Diarmaid MacCulloch, distinguished church historian and member of the Advisory Committee for the Virtual Paul's Cross Project, has been named a Knight on the 2012 New Year Honours List.

He is being recognized for "services to Scholarship."

Congratulations to Sir Diarmaid for this singular and richly deserved honor.

Wednesday, December 14, 2011

New Images of the Visual Model


Our hard-working and energetic model builder Josh Stephens has just sent images showing the current state of the visual model. Above is the Cross itself. An image of the current state of the overall model is on our website, here.

These images show shadows. Josh has promised that when the project is complete, the shadows will move across the model as the sun rises in the sky when one listens to the full sermon, all two hours of it.

This image illustrates some of the challenges in trying to reimagine no-longer-existing places.  Our best contemporary image of Paul's Cross is Gipkin's, which shows the Cross like this:


Which shows the Cross as a smaller building than it appears in Josh's model.

Josh's model is based, however, on the measurements for the Cross established by archaeologists who excavated the foundations of the Cross structure in the late 19th century.

Francis Penrose reported their findings in an article in Archaeologia in 1883. They determined that the base of the structure measured 37 feet across and the structure itself measured 17 feet across.

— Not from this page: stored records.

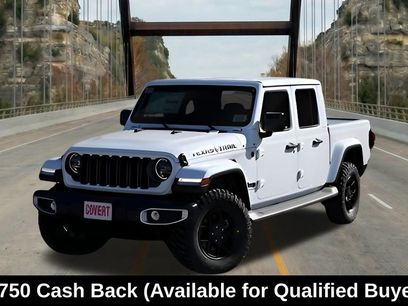 New 2026 Jeep Gladiator Sport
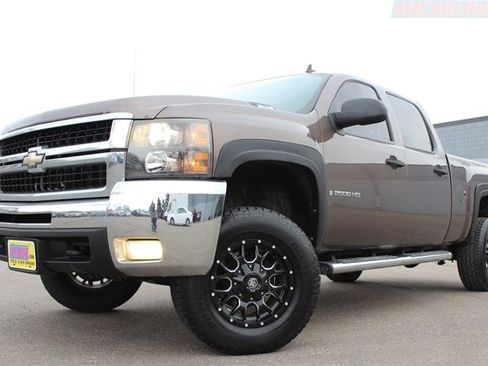 Used 2008 Chevrolet Silverado 2500 LT w/ 2LT Convenience Package image 1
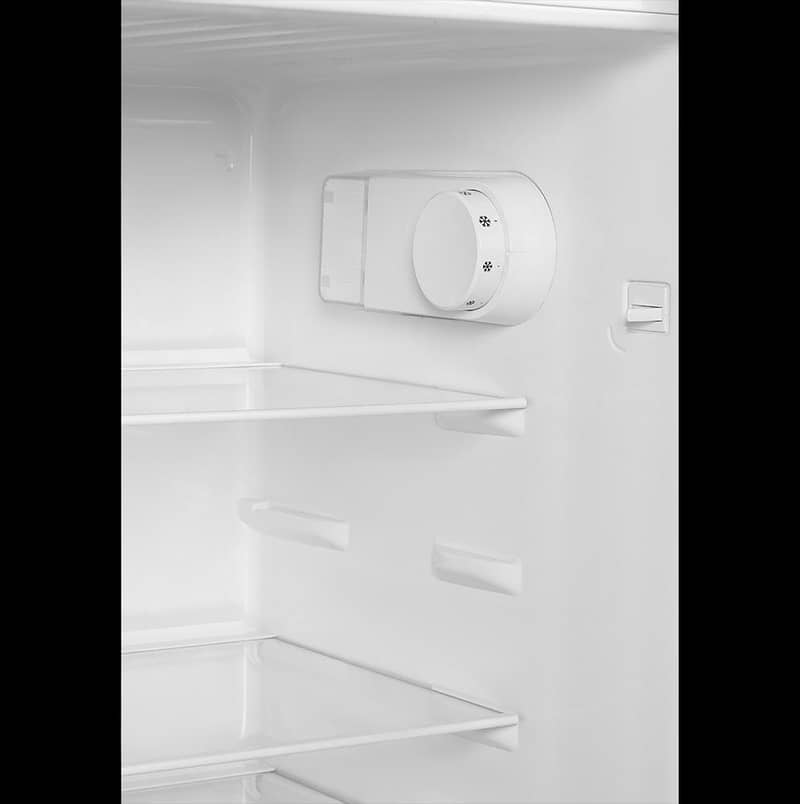 Refrigerator 8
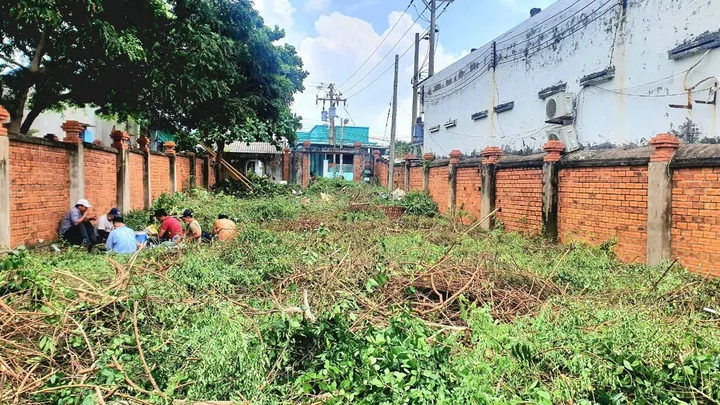 Bán 4700m2 lô 2 Nguyễn Đình Chiểu/ Võ NGuyên Giáp - giá 3 triệu/m2 có TL. LH: 0974090487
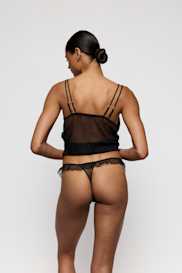 Salesbook image with head | Marie Jo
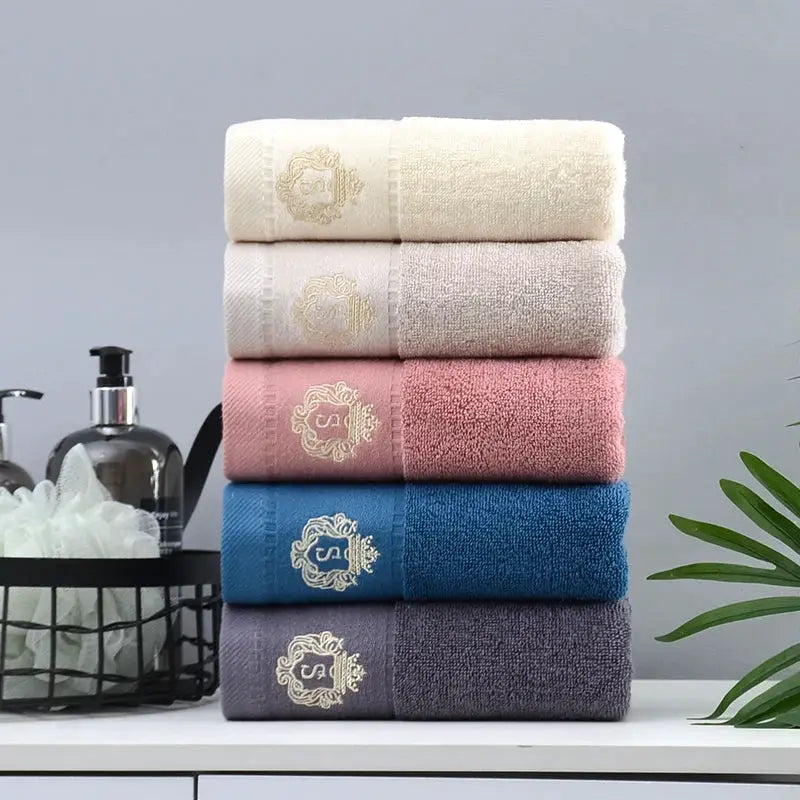 Simples Market 5-piece embroidered cotton towel set in white, cream, pink, blue and gray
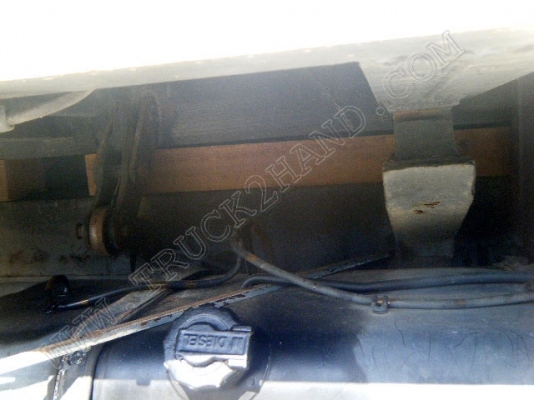 รถบรรทุก 6 ล้อดั๊มพ์ ยี่ห้อ ISUZU รุ่น NKR 88 แรงม้า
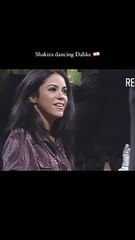 فيديو نادر لشاكيرا يتصدر الترند ..شعر أسود ودبكة لبنانية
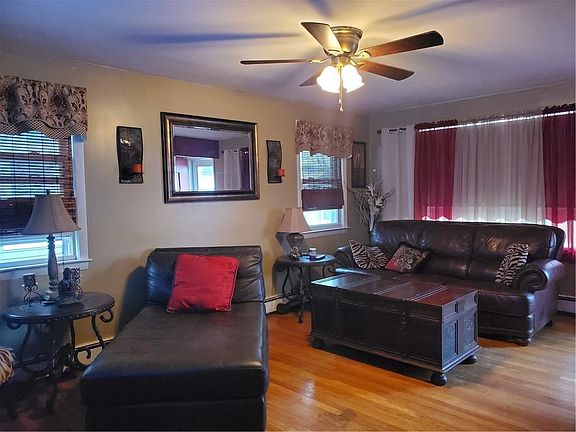 3rd image of 38 Crandall St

Hence the dimensions of Josh's model.

Monday, December 12, 2011

Website Goes Online!


The website for the Virtual Paul's Cross Project is now up and available for viewing here:

THE VIRTUAL PAUL'S CROSS PROJECT

The url for your use is here:

http://www4.ncsu.edu/~jnwall/vpcp.html

I still have some refining to do, but I'm glad to be through to this stage.

Now, on to FaceBook.

Monday, December 5, 2011

Imagining St Paul's -- the Hollar Drawings

We can imagine how St Paul's Cathedral looked because of the extensive set of engravings of the building made by the Dutch engraver Wenceslas Hollar in the 1650s for William Dugdale in theand printed in Dugdale's History of St. Paul's Cathedral (1658) just in time for the Great Fire to sweep it away.

We can get even closer to the original building because Hollar made pen-and-ink drawings in preparation for his engravings, a couple of which survive.


This drawing by Hollar shows the east end of the building, together with the south transept and the tower. It came to light only in the summer of 2009 when it was sold at auction to an unknown buyer.

If anyone knows how to locate the person making this purchase, please let me know.

Even more significant for the Virtual Paul's Cross Project, however, is this pen-and-ink drawing made by Hollar in preparation for the engraving at the top of this post, showing the north side of the Choir, the north transept, and the north side of the nave.


This drawing is in the collection of the Ashmolean Museum in Oxford.

It shows, of course, precisely the side of the cathedral where Paul's Cross was located. It does not appear in this drawing because it had been torn down in the mid-1630's as part of Inigo Jones' remodeling of the building. 

This image is as close to the visual appearance of Donne's St Paul's as we are likely to get.

Ben Crystal a Hit in HAMLET in Reno


Here's a strongly positive review of Ben Crystal as Hamlet from the Reno Nevada Sagebrush.

Here's more from the Reno Gazette-Journal. 

Congratulations to Ben for this success!

Ben is playing Hamlet in this production as preparation for playing John Donne in the Virtual Paul's Cross re-staging of Donne's Gunpowder Plot Sermon.

This seems to me good preparation. After all, Hamlet and Donne had lots in common.

Both were most frequently depicted wearing black, both were cynical about the state of the Court, both were given to self-dramatization and impulsive behavior, and both were obsessed with death.

Friday, December 2, 2011

Sermon Chosen for Virtual Paul's Cross Delivery

I've settled on the sermon for our virtual John Donne to deliver at the virtual Paul's Cross.

I've chosen Donne's Gunpowder sermon for November 5, 1622, for a number of reasons.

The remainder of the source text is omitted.